*Instructions to follow*:
Every line of the entries below from the one containing "NK8918 Alpha Lack" to the one containing "2025 GMC Savana Base", both ends included, must be written out exactly. No other line belongs in the answer.

======== Data for the task ========

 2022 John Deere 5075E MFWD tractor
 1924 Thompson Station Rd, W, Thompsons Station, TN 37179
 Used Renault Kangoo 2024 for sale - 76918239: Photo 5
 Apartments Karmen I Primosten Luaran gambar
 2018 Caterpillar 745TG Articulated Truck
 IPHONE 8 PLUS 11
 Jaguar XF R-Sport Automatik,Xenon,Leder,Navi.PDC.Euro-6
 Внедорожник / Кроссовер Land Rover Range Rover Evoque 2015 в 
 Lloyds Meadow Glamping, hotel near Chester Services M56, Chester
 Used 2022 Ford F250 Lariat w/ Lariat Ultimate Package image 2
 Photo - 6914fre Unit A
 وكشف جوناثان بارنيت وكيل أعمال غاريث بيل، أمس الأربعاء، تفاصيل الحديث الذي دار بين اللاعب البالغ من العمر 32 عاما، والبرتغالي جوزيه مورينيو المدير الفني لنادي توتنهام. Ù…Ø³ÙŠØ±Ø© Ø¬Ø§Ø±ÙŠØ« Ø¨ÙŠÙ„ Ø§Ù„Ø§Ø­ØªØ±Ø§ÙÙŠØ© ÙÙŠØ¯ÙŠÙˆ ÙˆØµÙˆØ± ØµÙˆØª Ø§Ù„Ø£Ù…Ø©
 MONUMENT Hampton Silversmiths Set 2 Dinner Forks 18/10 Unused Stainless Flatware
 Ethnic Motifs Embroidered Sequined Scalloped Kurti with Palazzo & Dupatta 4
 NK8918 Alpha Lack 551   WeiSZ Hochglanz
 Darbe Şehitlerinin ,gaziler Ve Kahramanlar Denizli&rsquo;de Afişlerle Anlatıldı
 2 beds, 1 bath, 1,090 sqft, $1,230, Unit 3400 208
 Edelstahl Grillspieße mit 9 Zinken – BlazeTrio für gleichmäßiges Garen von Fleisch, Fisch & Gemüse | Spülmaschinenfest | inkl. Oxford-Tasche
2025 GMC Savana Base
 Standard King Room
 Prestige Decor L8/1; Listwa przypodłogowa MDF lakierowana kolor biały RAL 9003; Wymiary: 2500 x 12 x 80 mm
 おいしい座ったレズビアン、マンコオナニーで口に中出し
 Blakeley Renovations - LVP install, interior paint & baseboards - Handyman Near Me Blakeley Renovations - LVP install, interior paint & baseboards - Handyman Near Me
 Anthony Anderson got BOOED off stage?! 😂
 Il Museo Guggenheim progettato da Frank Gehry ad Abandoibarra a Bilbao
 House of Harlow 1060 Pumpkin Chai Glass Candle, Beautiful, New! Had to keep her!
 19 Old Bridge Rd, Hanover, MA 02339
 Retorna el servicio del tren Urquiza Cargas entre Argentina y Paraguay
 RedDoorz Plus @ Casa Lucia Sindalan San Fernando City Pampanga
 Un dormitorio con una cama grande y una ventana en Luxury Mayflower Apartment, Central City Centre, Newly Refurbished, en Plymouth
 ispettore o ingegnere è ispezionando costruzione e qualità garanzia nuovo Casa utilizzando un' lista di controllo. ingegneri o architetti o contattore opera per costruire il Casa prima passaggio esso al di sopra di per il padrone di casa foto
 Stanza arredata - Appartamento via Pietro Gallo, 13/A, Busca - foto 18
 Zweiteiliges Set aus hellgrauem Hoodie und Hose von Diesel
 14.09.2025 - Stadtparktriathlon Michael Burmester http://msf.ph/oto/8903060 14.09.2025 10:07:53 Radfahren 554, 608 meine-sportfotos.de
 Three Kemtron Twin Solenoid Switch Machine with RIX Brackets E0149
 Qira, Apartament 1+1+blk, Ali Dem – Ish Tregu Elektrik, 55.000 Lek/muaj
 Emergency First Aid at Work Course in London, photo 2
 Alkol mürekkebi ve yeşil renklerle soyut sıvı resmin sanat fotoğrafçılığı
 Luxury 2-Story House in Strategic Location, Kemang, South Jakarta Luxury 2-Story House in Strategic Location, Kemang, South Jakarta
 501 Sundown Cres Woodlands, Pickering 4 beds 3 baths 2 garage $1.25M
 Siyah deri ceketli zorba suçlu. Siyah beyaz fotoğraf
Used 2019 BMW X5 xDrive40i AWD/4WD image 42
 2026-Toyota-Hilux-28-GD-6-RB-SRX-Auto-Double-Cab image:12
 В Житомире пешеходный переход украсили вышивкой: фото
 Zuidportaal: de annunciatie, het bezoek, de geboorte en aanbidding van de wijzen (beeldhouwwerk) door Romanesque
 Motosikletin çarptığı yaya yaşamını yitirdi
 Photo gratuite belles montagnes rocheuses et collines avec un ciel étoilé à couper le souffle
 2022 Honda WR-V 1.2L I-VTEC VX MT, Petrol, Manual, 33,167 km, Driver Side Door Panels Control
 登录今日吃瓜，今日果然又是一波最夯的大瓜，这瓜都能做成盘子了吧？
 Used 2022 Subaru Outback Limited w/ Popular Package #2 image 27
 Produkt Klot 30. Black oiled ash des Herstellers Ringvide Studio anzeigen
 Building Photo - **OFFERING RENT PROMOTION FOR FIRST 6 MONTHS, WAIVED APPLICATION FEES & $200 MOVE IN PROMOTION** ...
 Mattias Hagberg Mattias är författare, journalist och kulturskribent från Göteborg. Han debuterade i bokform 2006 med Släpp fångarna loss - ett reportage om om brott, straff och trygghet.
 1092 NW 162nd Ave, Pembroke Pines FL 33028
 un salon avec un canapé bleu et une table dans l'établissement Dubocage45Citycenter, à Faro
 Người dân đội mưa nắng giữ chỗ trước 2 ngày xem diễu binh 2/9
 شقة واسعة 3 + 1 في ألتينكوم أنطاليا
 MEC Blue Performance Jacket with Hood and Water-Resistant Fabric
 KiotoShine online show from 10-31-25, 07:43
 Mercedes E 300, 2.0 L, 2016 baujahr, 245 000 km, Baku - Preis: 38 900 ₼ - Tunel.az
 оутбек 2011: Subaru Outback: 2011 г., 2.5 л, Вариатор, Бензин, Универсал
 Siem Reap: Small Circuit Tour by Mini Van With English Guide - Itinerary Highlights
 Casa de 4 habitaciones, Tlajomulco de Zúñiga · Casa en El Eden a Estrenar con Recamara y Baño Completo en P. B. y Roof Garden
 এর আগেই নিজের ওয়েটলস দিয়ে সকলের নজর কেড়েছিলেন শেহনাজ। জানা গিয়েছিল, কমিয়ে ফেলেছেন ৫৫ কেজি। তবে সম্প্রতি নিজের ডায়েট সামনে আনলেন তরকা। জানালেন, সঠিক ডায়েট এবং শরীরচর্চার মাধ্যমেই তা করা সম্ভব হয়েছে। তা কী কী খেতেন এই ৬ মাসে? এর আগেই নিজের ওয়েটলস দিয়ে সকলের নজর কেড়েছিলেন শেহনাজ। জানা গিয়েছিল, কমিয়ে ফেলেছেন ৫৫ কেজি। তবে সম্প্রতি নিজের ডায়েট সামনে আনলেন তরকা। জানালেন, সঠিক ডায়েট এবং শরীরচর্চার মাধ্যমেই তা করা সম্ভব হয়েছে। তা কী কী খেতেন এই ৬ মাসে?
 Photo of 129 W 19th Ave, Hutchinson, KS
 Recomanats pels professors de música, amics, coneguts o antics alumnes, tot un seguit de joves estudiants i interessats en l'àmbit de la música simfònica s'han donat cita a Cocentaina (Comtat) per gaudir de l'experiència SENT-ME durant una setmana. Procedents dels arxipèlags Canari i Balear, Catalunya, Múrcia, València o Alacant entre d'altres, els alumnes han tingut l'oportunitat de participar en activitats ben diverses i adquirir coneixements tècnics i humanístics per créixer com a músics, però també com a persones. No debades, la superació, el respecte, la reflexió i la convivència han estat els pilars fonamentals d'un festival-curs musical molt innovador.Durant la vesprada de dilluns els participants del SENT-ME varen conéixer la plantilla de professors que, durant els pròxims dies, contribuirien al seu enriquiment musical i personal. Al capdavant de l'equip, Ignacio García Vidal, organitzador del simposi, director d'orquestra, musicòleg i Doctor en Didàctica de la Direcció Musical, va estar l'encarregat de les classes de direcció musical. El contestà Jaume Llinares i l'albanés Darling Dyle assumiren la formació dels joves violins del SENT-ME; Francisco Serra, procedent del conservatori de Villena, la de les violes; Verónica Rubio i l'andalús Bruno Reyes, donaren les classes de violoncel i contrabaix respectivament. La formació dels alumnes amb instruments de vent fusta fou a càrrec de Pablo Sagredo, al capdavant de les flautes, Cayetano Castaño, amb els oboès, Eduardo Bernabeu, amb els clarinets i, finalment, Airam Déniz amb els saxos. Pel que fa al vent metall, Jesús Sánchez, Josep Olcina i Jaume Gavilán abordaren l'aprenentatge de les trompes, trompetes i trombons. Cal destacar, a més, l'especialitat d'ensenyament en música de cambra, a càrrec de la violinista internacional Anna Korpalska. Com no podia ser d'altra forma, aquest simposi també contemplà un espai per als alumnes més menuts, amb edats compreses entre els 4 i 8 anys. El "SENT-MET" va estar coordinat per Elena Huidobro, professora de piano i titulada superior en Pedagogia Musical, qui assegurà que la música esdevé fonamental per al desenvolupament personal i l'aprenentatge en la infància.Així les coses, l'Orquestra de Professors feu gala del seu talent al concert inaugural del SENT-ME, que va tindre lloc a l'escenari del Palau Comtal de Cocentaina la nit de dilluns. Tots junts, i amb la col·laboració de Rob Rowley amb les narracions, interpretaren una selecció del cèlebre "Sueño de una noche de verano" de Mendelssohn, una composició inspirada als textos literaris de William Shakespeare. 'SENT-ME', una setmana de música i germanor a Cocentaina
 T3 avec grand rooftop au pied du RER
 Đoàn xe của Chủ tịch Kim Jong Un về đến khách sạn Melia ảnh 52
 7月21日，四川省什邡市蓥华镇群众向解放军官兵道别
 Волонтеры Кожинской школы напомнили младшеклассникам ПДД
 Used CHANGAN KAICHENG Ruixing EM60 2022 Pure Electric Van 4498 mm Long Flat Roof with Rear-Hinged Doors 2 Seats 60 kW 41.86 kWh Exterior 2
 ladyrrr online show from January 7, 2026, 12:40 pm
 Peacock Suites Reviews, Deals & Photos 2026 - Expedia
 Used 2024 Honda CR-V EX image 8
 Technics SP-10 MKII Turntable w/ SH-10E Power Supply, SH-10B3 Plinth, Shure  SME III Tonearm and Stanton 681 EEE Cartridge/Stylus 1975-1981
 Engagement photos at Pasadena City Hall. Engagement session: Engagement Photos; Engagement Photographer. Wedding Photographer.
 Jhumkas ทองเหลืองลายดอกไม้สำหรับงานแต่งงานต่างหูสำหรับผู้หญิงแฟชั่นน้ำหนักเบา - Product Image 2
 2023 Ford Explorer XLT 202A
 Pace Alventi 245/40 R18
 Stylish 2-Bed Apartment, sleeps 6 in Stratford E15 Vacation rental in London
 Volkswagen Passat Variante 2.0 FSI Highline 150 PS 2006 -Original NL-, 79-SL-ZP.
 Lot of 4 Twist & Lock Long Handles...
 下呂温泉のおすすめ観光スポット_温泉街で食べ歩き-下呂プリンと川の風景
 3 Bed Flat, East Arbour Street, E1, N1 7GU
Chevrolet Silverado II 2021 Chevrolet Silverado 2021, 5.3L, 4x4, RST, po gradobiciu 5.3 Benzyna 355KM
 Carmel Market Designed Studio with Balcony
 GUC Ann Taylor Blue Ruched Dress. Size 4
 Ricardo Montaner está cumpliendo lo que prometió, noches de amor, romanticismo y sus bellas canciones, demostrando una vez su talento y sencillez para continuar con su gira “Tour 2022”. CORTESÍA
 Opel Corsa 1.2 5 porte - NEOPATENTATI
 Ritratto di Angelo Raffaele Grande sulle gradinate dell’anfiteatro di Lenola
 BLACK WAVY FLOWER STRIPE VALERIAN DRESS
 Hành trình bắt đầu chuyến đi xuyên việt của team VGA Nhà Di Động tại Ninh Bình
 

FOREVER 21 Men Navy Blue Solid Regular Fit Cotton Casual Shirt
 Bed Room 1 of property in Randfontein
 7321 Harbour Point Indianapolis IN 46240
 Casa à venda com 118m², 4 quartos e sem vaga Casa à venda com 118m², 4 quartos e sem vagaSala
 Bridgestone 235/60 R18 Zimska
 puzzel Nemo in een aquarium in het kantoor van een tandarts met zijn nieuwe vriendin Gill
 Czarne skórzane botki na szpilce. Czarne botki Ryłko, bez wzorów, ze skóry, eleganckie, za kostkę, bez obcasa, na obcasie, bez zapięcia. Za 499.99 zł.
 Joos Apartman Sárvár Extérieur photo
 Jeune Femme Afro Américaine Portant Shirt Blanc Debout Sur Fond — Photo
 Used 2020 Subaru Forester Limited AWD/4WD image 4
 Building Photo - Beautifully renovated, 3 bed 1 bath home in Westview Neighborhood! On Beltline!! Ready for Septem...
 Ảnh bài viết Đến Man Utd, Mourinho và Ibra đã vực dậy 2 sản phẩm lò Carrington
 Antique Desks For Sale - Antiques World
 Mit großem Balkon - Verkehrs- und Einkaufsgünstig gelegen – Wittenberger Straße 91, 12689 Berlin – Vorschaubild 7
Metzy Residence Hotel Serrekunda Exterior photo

========

*Output for this exercise*:
 NK8918 Alpha Lack 551   WeiSZ Hochglanz
 Darbe Şehitlerinin ,gaziler Ve Kahramanlar Denizli&rsquo;de Afişlerle Anlatıldı
 2 beds, 1 bath, 1,090 sqft, $1,230, Unit 3400 208
 Edelstahl Grillspieße mit 9 Zinken – BlazeTrio für gleichmäßiges Garen von Fleisch, Fisch & Gemüse | Spülmaschinenfest | inkl. Oxford-Tasche
2025 GMC Savana Base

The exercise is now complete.